### Information
____

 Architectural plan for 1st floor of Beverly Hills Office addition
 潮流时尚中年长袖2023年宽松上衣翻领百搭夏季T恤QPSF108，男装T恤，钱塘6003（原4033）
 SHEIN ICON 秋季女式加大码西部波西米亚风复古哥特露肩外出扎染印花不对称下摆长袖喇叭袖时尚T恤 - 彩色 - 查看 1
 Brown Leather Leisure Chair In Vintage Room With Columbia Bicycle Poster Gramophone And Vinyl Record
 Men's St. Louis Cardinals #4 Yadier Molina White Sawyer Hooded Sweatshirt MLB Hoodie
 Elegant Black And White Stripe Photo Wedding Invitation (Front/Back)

____

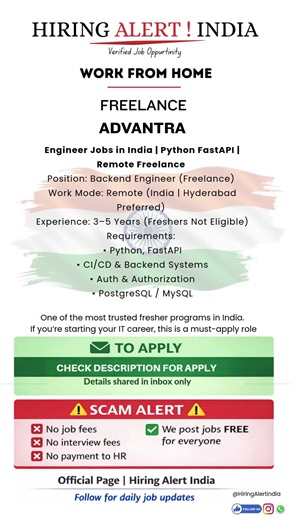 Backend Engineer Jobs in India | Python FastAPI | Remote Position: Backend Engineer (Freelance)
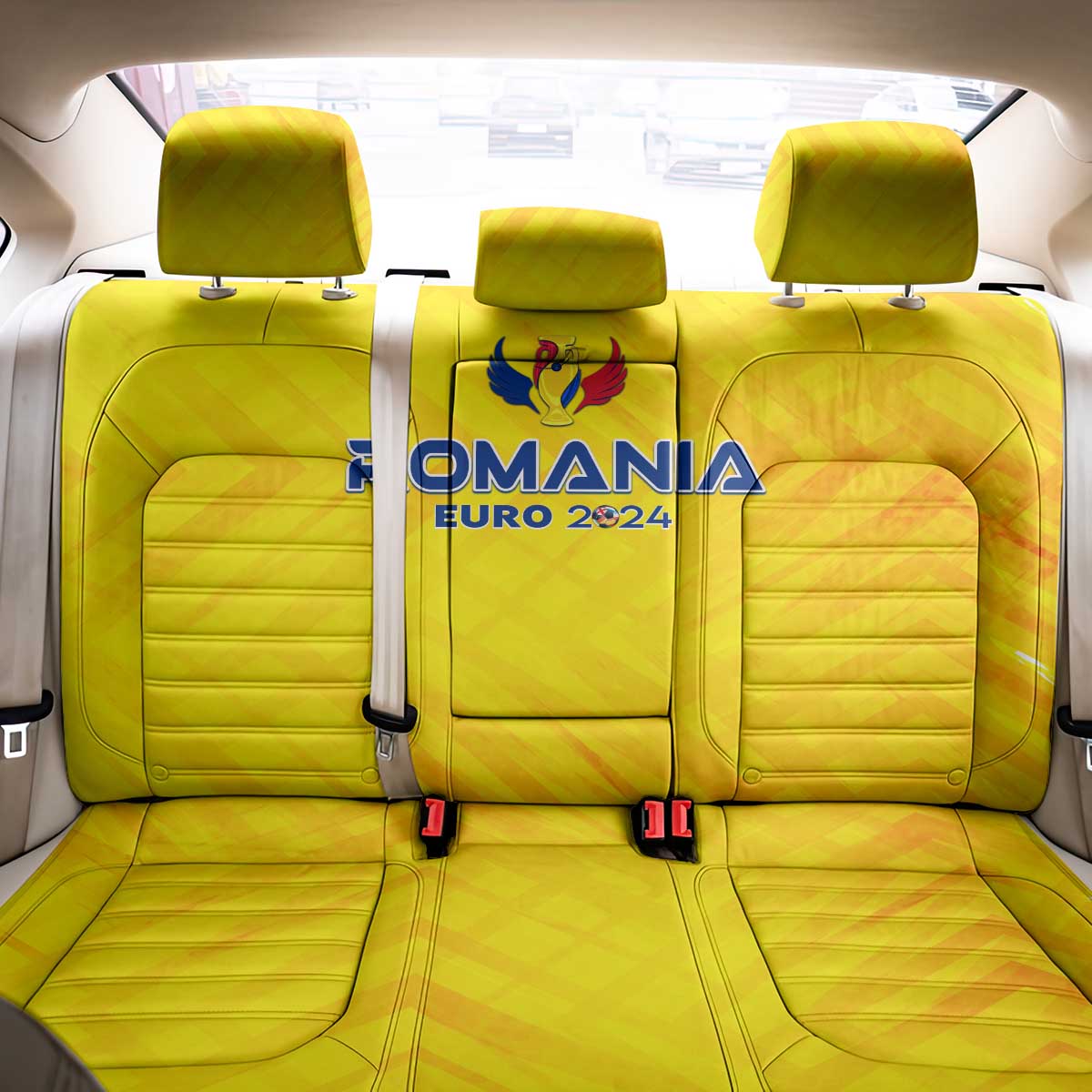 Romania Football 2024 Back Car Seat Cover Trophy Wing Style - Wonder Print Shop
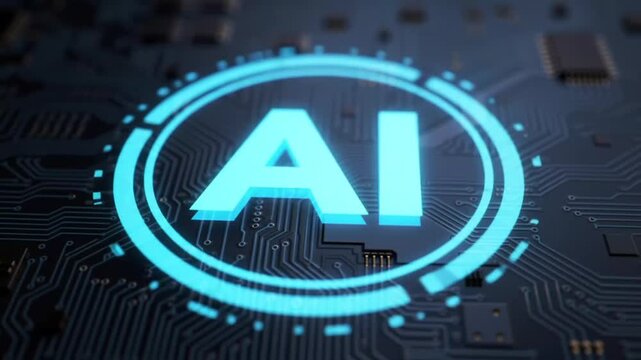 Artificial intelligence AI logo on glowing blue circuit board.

____

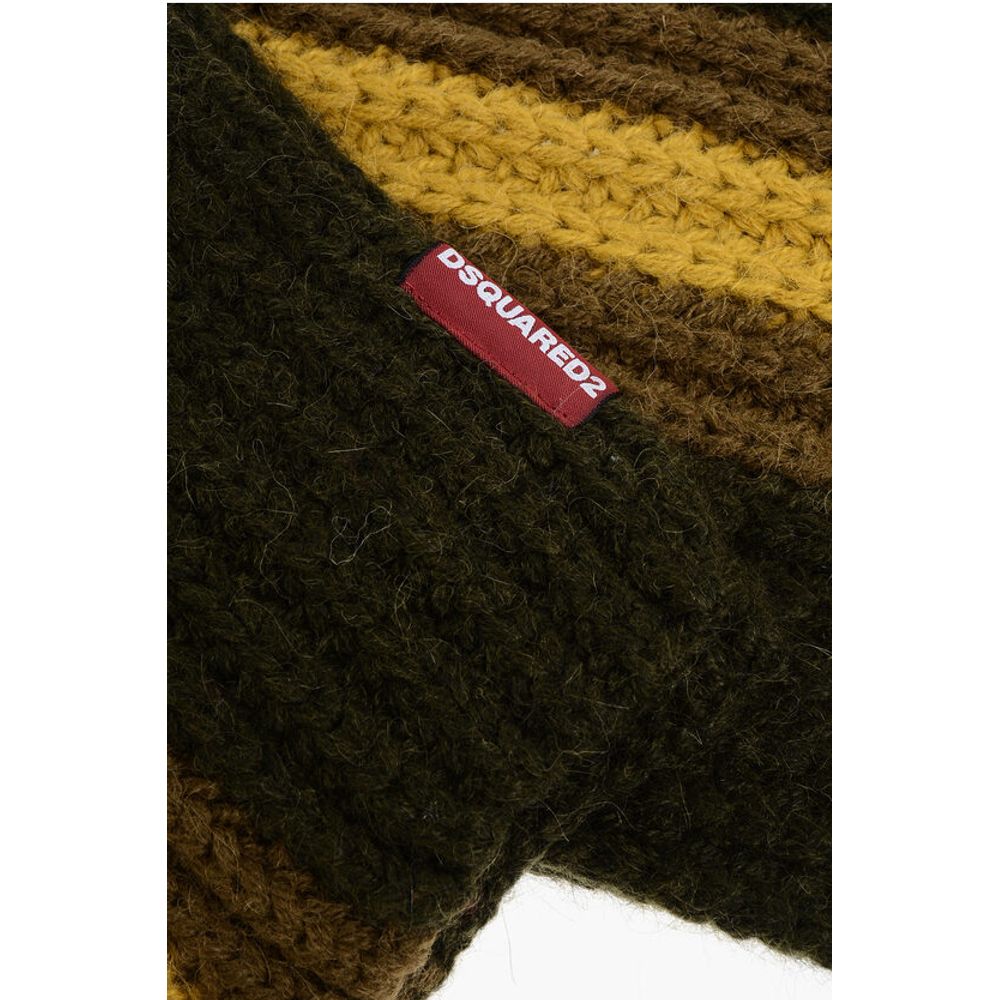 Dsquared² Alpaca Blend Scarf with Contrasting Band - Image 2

____

From the records above, give again exactly the lines running from the line with "潮流时尚中年长袖2023年宽" to the line with "Elegant Black And", inclusive.

### Response
 潮流时尚中年长袖2023年宽松上衣翻领百搭夏季T恤QPSF108，男装T恤，钱塘6003（原4033）
 SHEIN ICON 秋季女式加大码西部波西米亚风复古哥特露肩外出扎染印花不对称下摆长袖喇叭袖时尚T恤 - 彩色 - 查看 1
 Brown Leather Leisure Chair In Vintage Room With Columbia Bicycle Poster Gramophone And Vinyl Record
 Men's St. Louis Cardinals #4 Yadier Molina White Sawyer Hooded Sweatshirt MLB Hoodie
 Elegant Black And White Stripe Photo Wedding Invitation (Front/Back)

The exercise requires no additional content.